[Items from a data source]
-- Opening Marker --

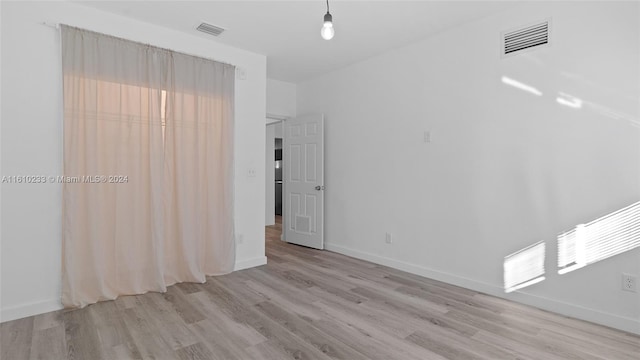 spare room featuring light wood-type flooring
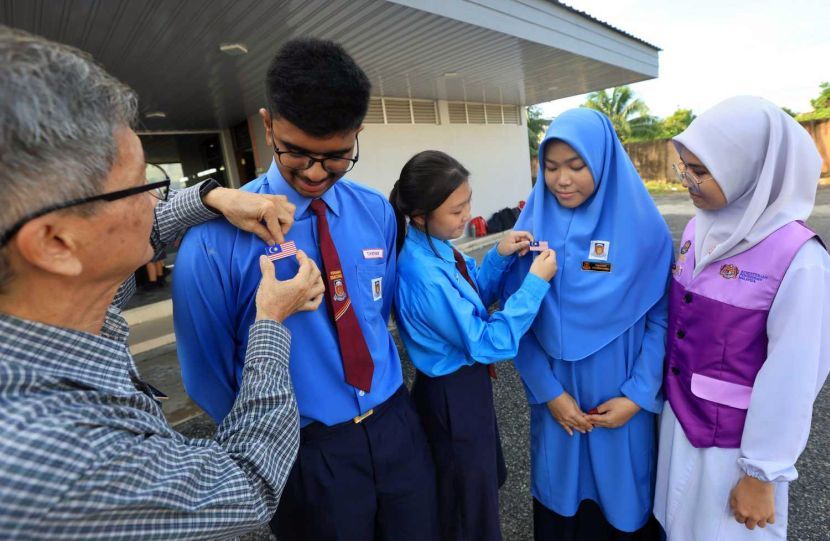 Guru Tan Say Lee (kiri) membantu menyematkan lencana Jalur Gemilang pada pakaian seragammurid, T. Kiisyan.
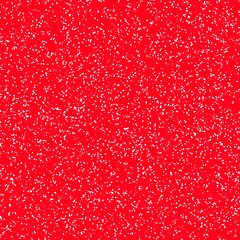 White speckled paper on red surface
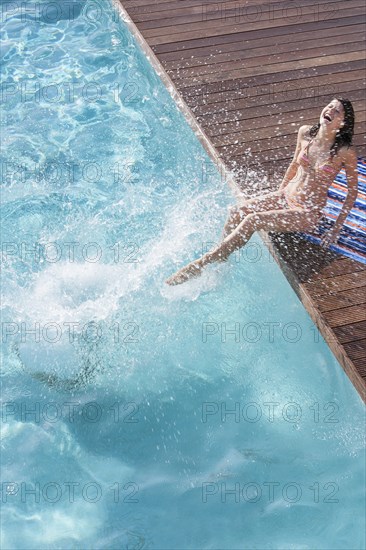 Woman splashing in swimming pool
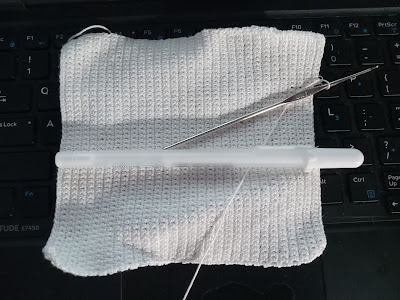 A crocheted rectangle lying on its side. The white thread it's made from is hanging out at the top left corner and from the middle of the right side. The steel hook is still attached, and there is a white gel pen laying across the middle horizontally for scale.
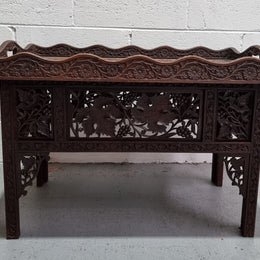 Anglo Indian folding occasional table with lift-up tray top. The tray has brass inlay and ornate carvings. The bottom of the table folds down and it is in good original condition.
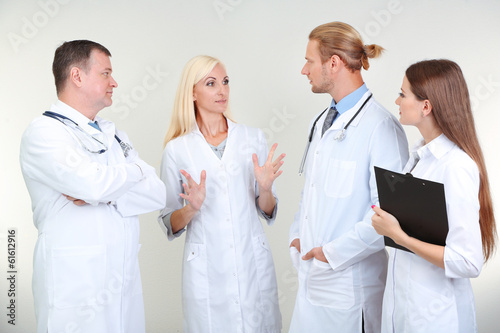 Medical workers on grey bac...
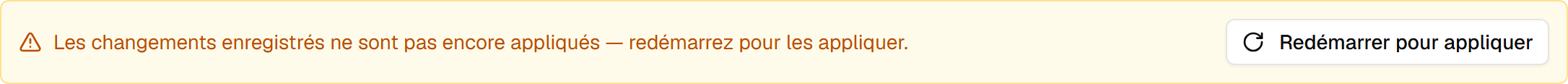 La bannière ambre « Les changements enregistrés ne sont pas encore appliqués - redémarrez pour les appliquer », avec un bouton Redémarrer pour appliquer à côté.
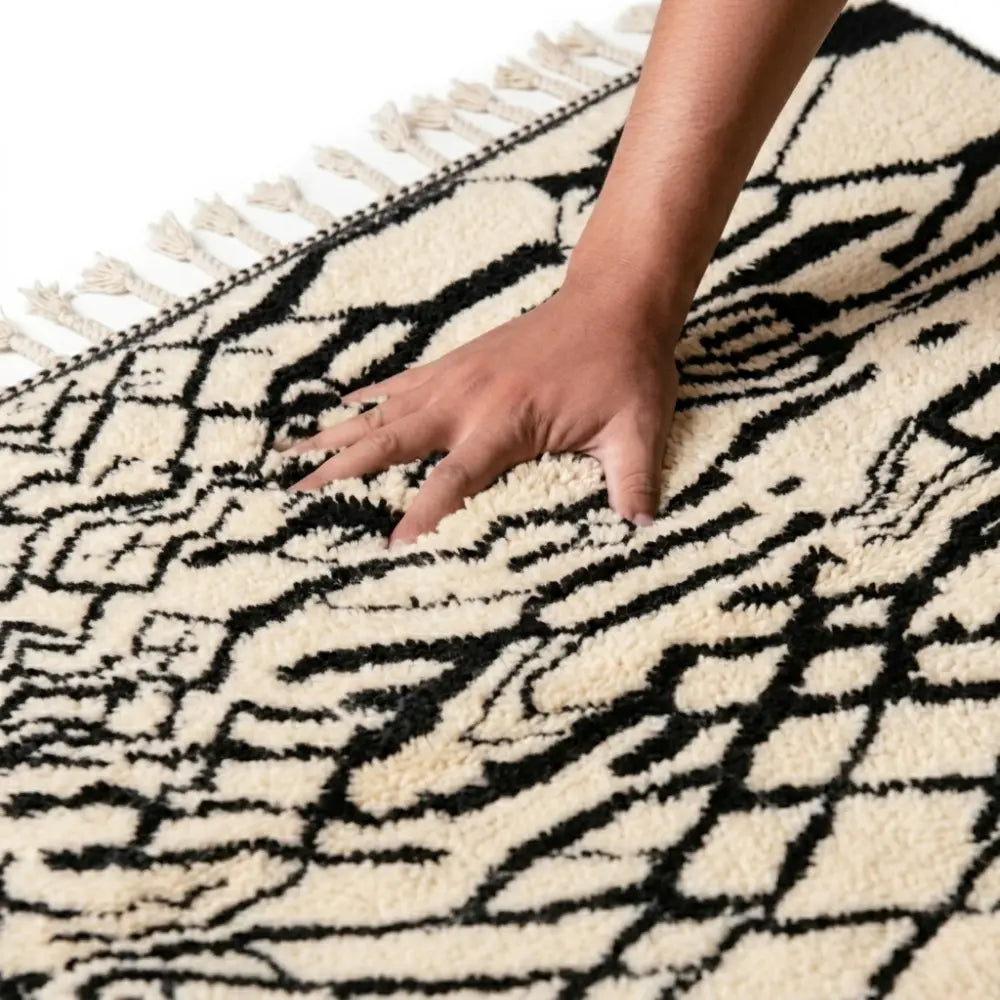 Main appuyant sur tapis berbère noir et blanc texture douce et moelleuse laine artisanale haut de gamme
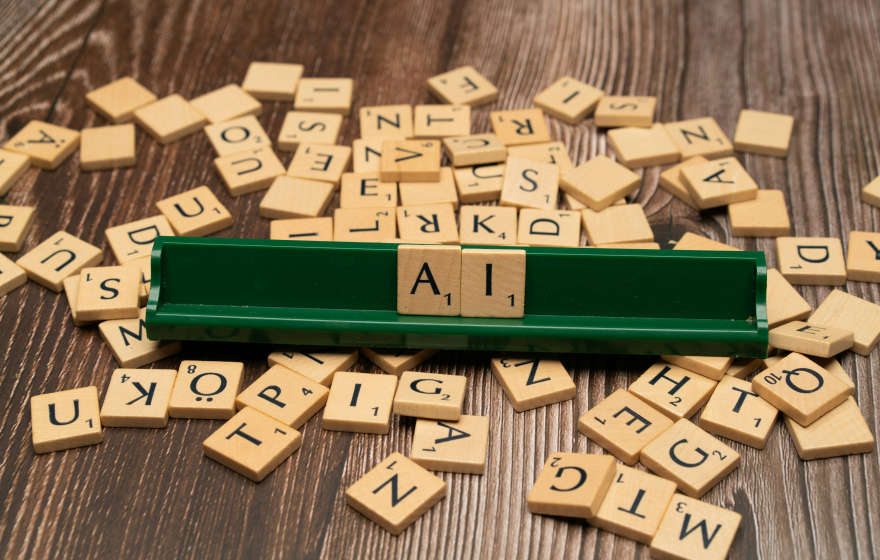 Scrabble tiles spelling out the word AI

-- Closing Marker --

# WHAT THIS TASK INVOLVES
Without the pictures, give again exactly the lines above starting at the line containing "Woman splashing in swimming pool" and ending at the line containing "Medical workers on grey bac...".

# EXERCISE RESULT
 Woman splashing in swimming pool
 A crocheted rectangle lying on its side. The white thread it's made from is hanging out at the top left corner and from the middle of the right side. The steel hook is still attached, and there is a white gel pen laying across the middle horizontally for scale.
 Anglo Indian folding occasional table with lift-up tray top. The tray has brass inlay and ornate carvings. The bottom of the table folds down and it is in good original condition.
 Medical workers on grey bac...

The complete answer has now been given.